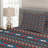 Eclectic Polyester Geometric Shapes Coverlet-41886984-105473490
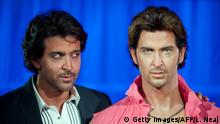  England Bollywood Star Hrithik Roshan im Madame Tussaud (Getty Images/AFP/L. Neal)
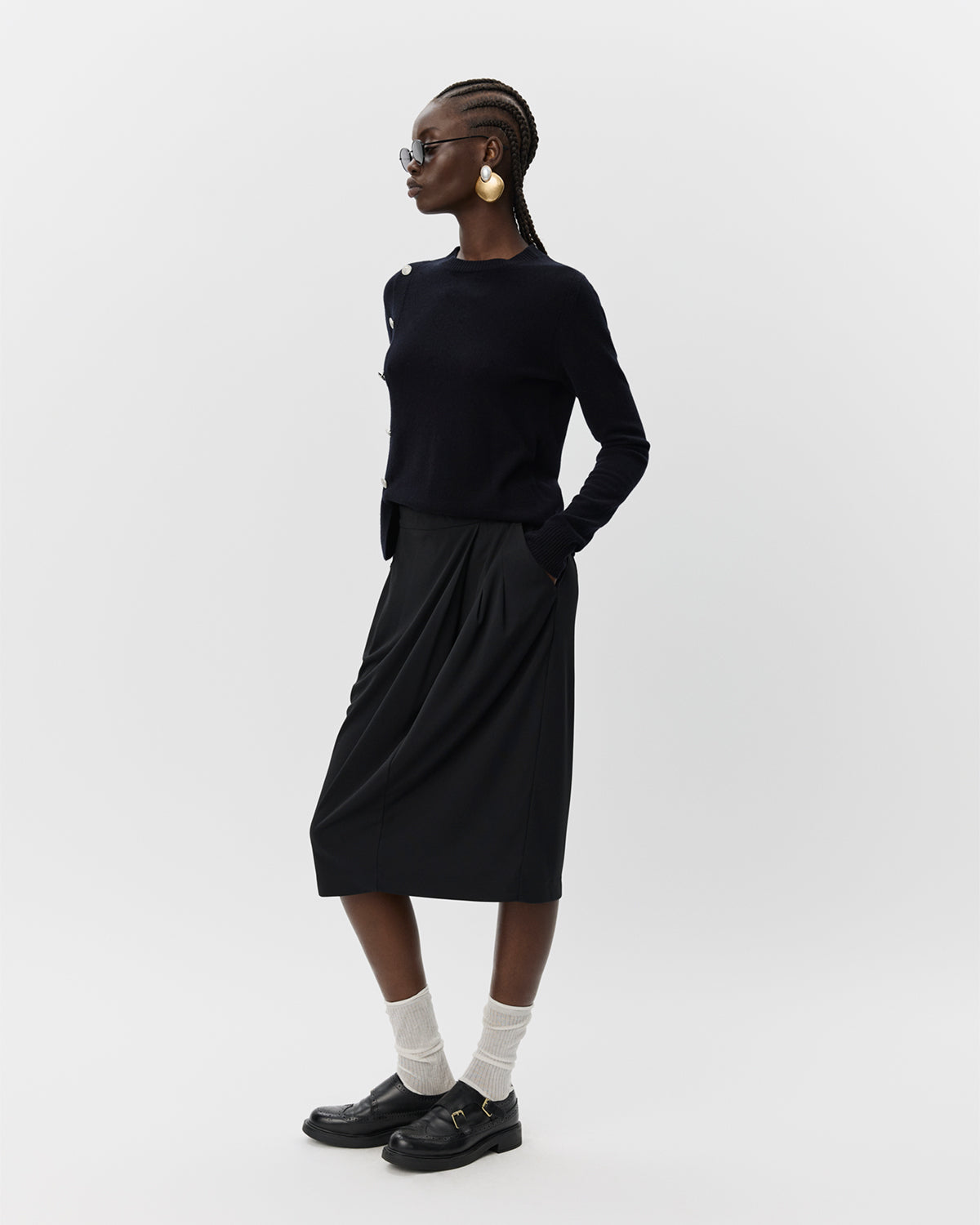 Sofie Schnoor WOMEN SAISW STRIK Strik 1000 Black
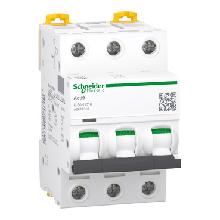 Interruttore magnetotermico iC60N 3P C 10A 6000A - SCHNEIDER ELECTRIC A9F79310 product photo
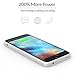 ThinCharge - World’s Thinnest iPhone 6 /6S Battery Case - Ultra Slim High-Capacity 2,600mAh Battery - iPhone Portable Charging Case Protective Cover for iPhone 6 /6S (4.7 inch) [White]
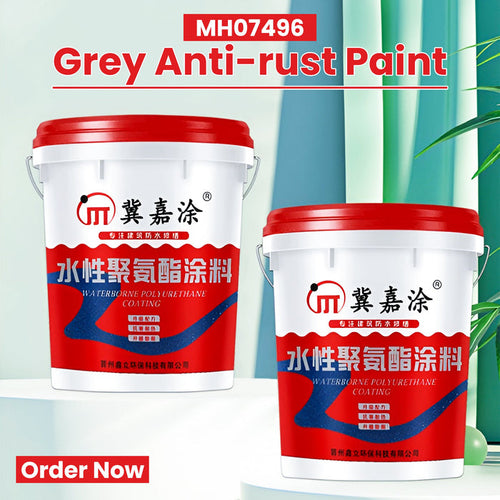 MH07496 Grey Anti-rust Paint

**TASK ITEM**
Each line from the one with "England Bollywood Star" through the end of the entries should be reproduced exactly. Leave out the pictures.

**OUTPUT OF THE EXERCISE**
  England Bollywood Star Hrithik Roshan im Madame Tussaud (Getty Images/AFP/L. Neal)
 Sofie Schnoor WOMEN SAISW STRIK Strik 1000 Black
 Interruttore magnetotermico iC60N 3P C 10A 6000A - SCHNEIDER ELECTRIC A9F79310 product photo
 ThinCharge - World’s Thinnest iPhone 6 /6S Battery Case - Ultra Slim High-Capacity 2,600mAh Battery - iPhone Portable Charging Case Protective Cover for iPhone 6 /6S (4.7 inch) [White]
 MH07496 Grey Anti-rust Paint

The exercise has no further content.